HOW TO COMPLETE THIS TASK: Include no pictures. Output exactly the lines from the one that contains "Pourquoi devriez-vous toujours" through the final line of the entries.
[SOURCE RECORDS — start]
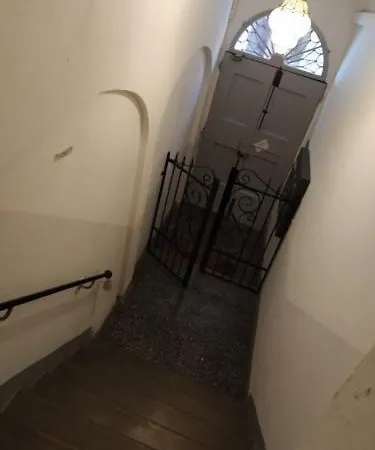 Διαμέρισμα Il Canale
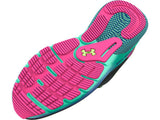 Under Armour Mens HOVR Turbulence Speed Overdrive Running Shoes - Breathable and Lightweight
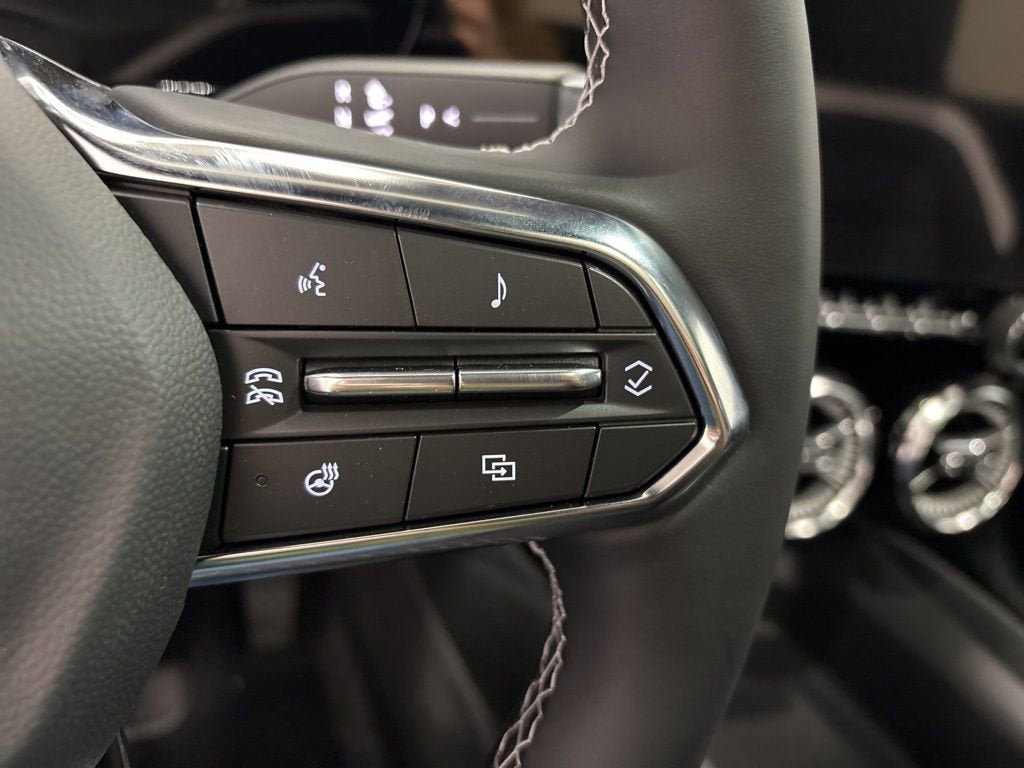 New 2026 Chevrolet Blazer EV LT AWD/4WD image 25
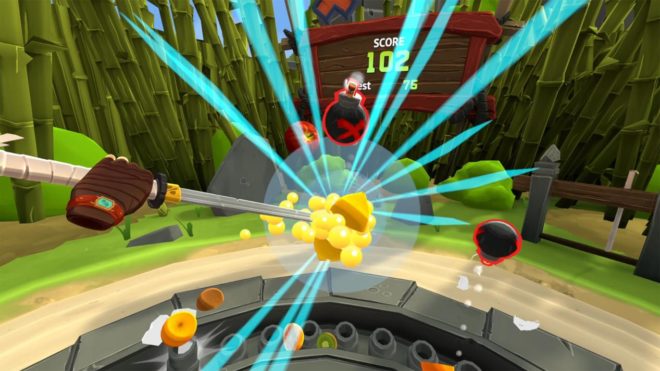 Fruit Ninja Fruit Ninja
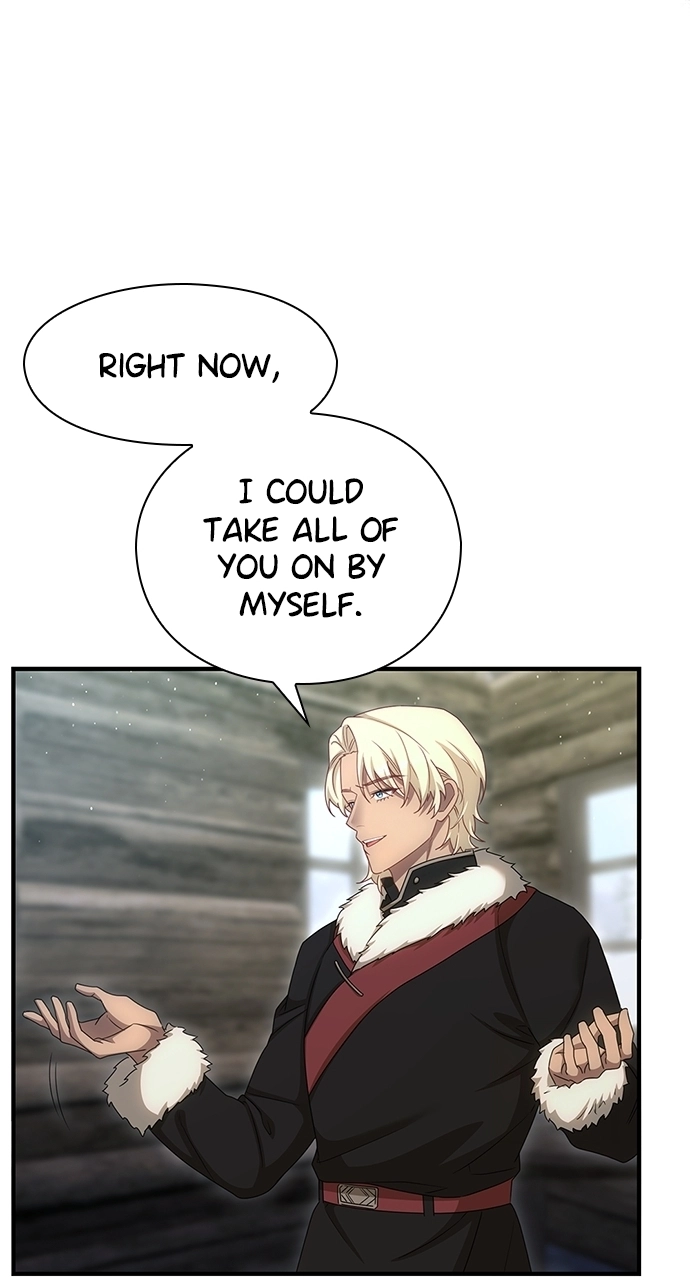 The Circumstances of the Lying Empress Chapter 35 - page 30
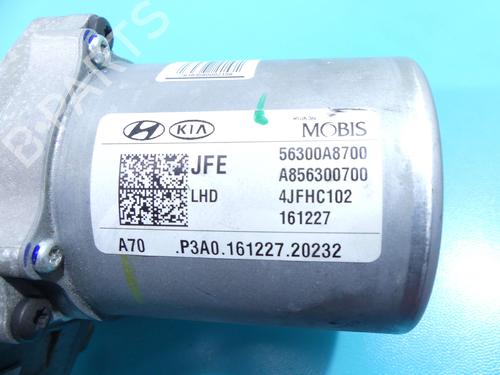 Steering pump KIA OPTIMA (JF) 1.7 CRDi | BP37895465M99 - Image 6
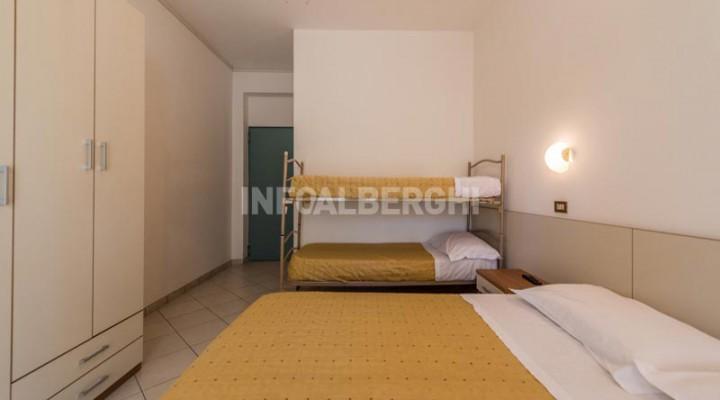 Liberty Hotel Milano Marittima
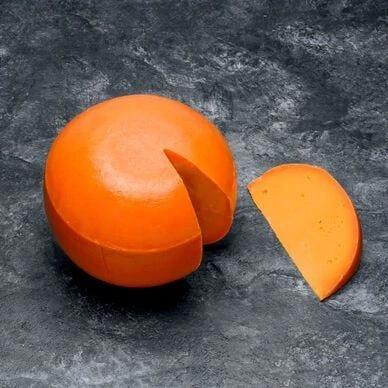 Mimolette Jeune 200gr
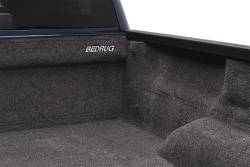 BedRug - Bed Rug Classic Carpeted Truck Bed Liner Silverado/Sierra 6.6' BRC07SBK - Image 5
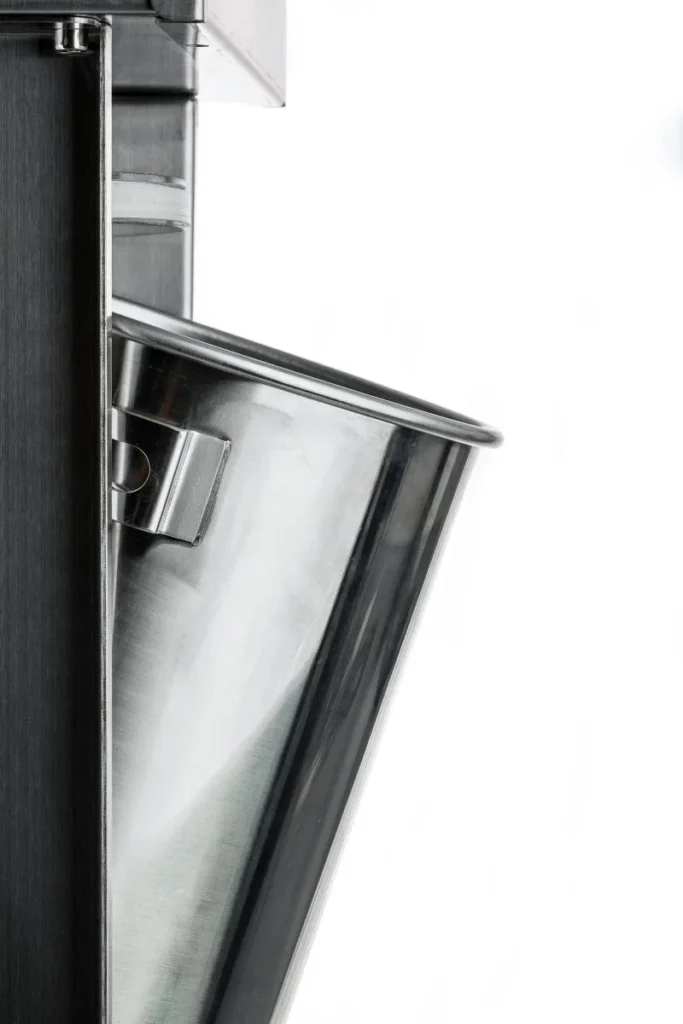 Električna polnilka 10l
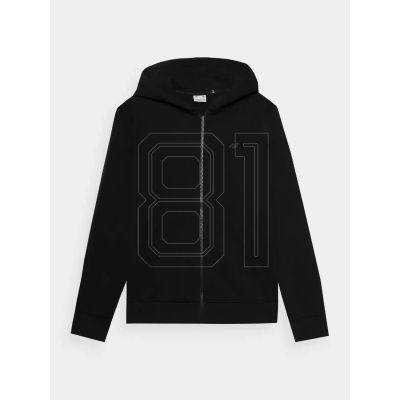 Sweatshirt 4F W 4FWMM00TSWSF1467-20S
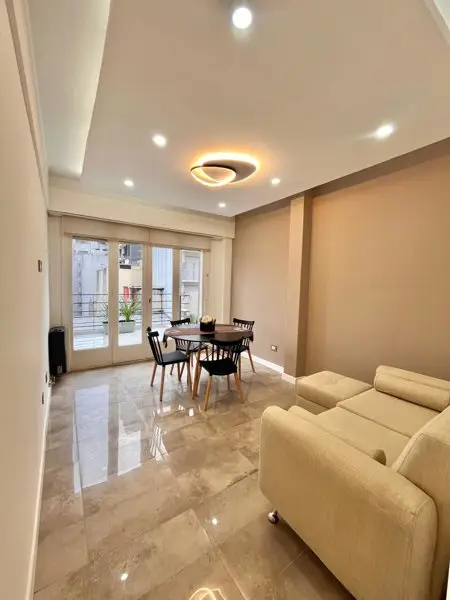 Departamento de 2 ambientes en venta en Centro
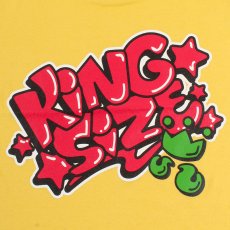 画像4: [子供服] KINGSIZE（キングサイズ）“POP STAR KIDS TEE” (4)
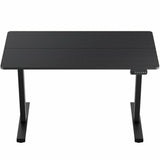 Desk Owlotech Manager Black-6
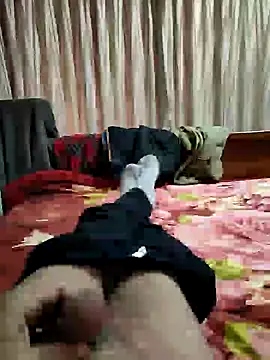 Nuttysub online show from December 20, 2:08 am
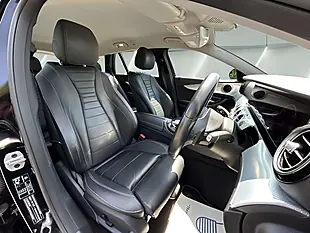 Used 2019 Mercedes-Benz E Class Se Black - Interior and Exterior details 12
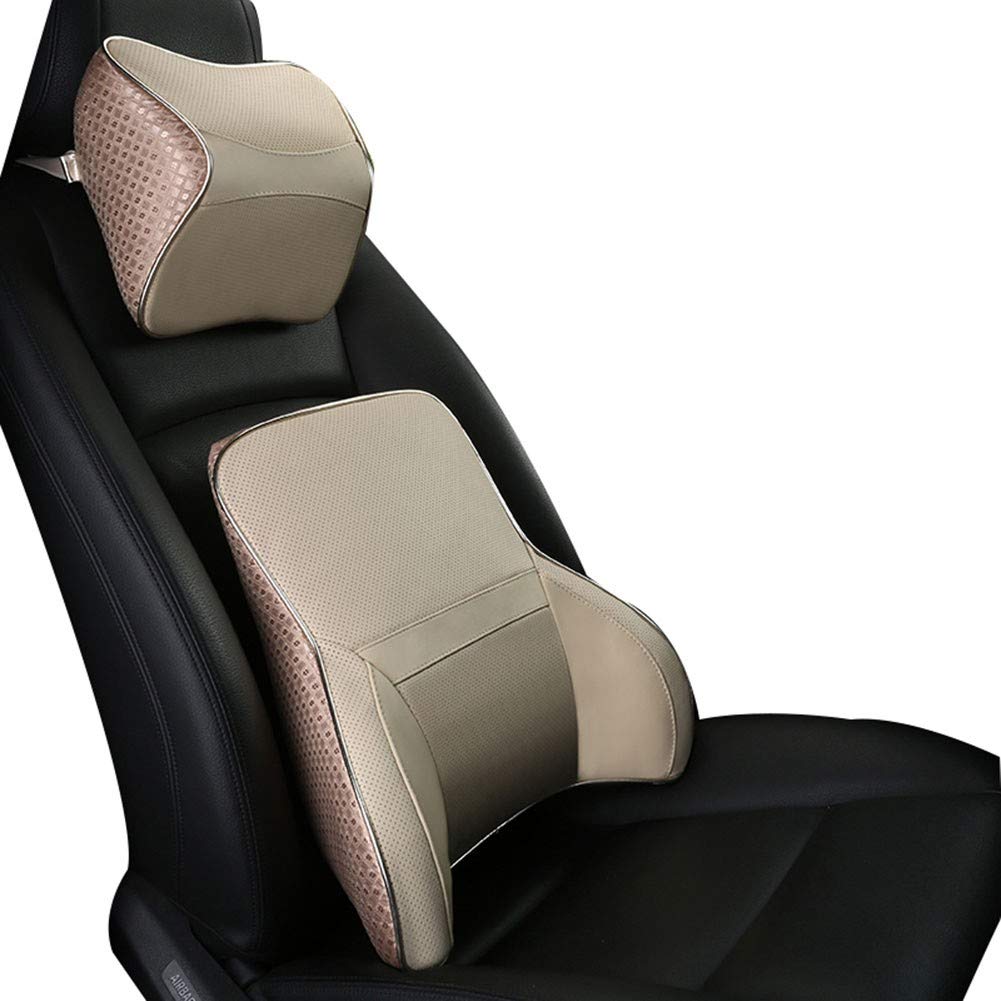 Pourquoi devriez-vous toujours emporter un coussin lombaire avec vous ?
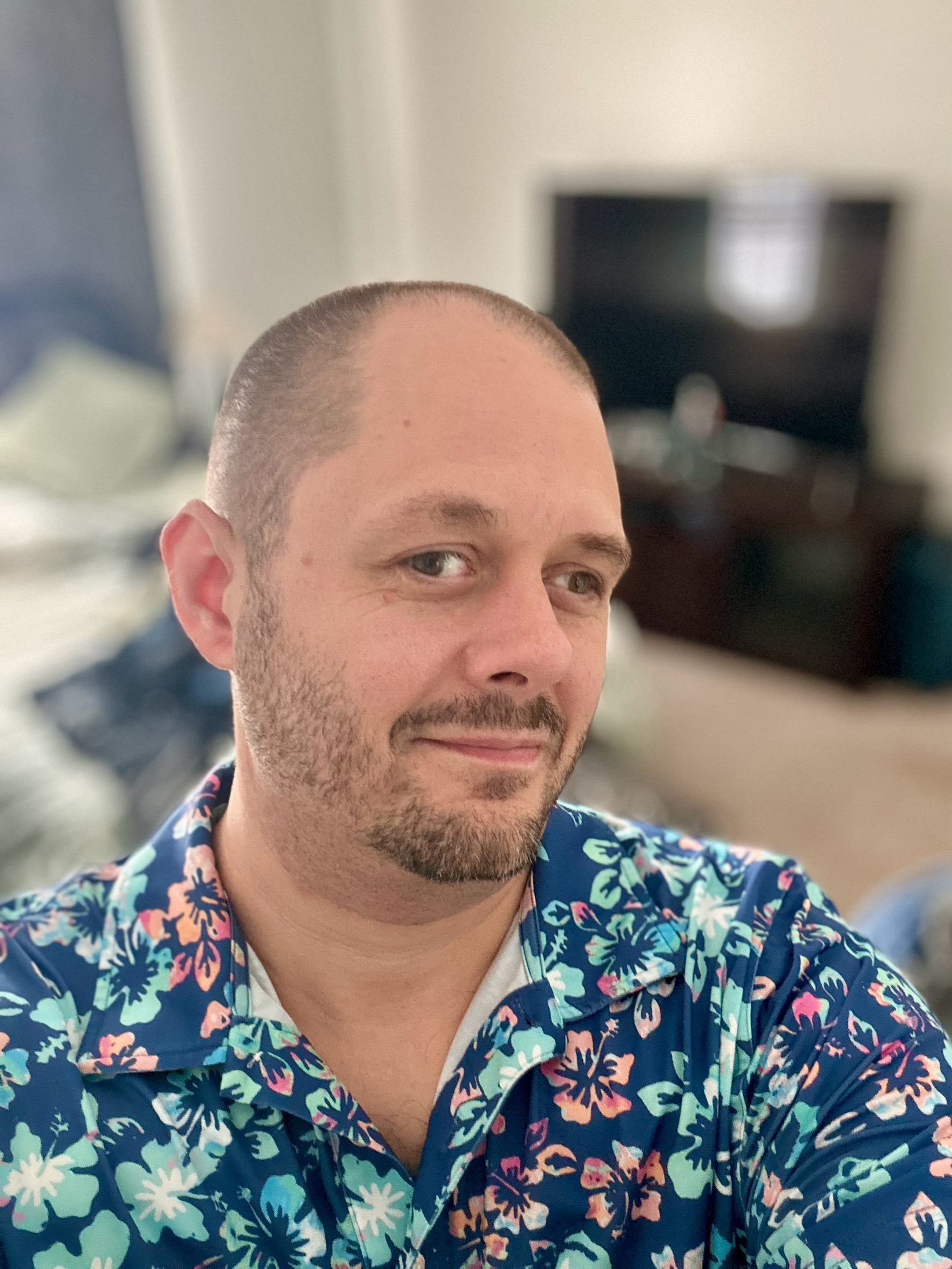 Advisor - Gabe Eveland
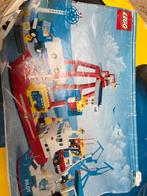 Lego retro jaren 80-90, Ophalen, Lego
[SOURCE RECORDS — finish]
ANSWER TO THIS EXERCISE:
 Pourquoi devriez-vous toujours emporter un coussin lombaire avec vous ?
 Advisor - Gabe Eveland
 Lego retro jaren 80-90, Ophalen, Lego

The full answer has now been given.